Elle alla ouvrir une fenêtre et prit deux ou trois respirations profondes comme Huang Lian-shengmu, la « Mère sacrée du Lotus jaune », lui avait enseigné jadis à le faire pour prendre haleine après un effort. La nuit de janvier était glaciale. Sous la lumière blême dispensée par les « papillons » à gaz des réverbères, l’avenue Velazquez montrait de dangereuses plaques noires et verglacées entre des dentelures sales de neige durcie. Les arbres réduits à des squelettes dessinés à l’encre de Chine semblaient à jamais figés dans leur nudité.

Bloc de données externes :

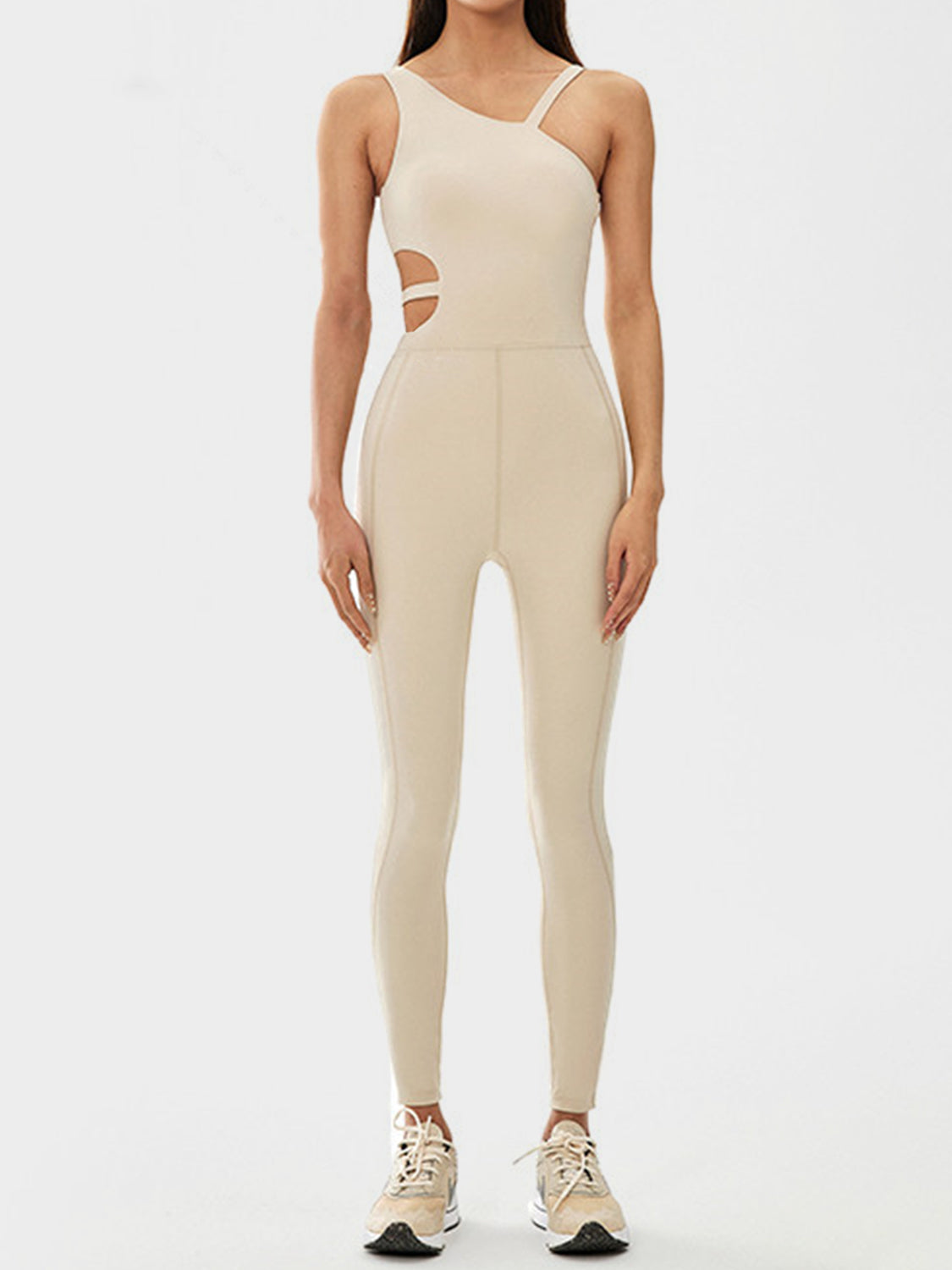 Asymmetrical Active Jumpsuit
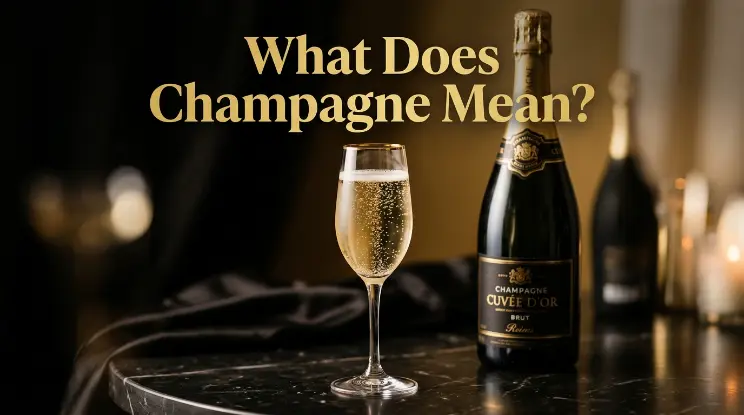 What Does "Champagne" Mean?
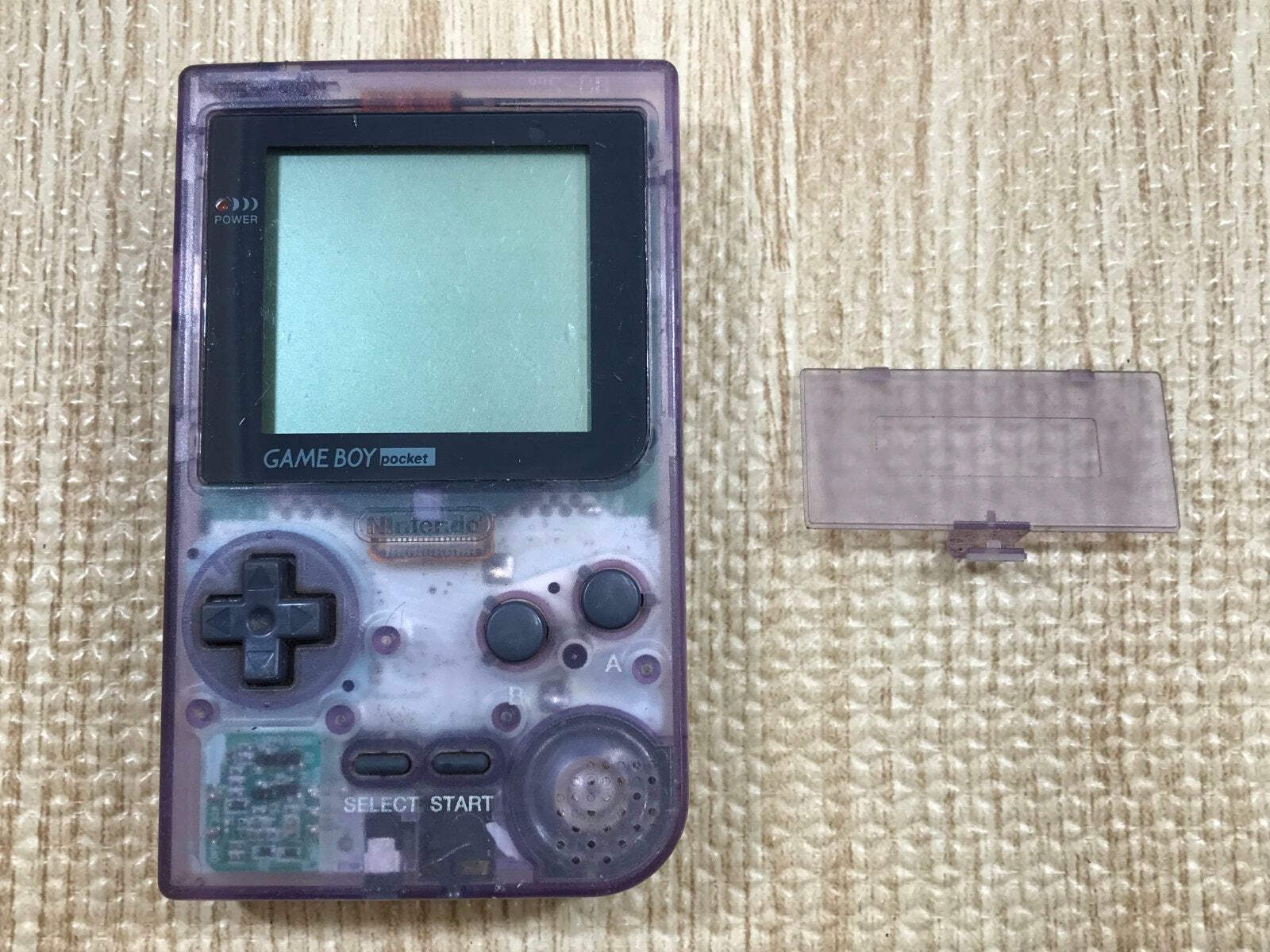 GameBoy Pocket Clear Purple Console Nintendo Japan – Tested Working LG9024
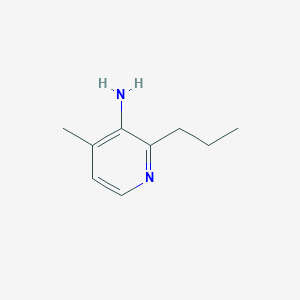 molecular formula C9H14N2 B13313063 4-Methyl-2-propylpyridin-3-amine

Comment croire qu’un printemps pourrait réussir à faire resurgir de tendres pousses vertes de cet enchevêtrement presque minéral ? Comment croire que l’insouciant bonheur de ces quatre années écoulées pourrait refleurir après le passage de la lettre ?

Reprise par sa frayeur, Orchidée referma la fenêtre, tira les rideaux de velours et s’y adossa, considérant la grande pièce, jusque-là familière et chaleureuse, avec un sourd désespoir. Privée de la présence d’Édouard, elle revêtait tout à coup un aspect inconnu et vaguement menaçant, comme si la science et la culture d’Occident tapies derrière les centaines de reliures fauves frappées d’or éteint se dressaient soudain en face de l’intruse et formaient une infranchissable muraille au-delà de laquelle Édouard s’éloignait lentement, inexorablement. Et cela c’était l’ouvrage de la lettre…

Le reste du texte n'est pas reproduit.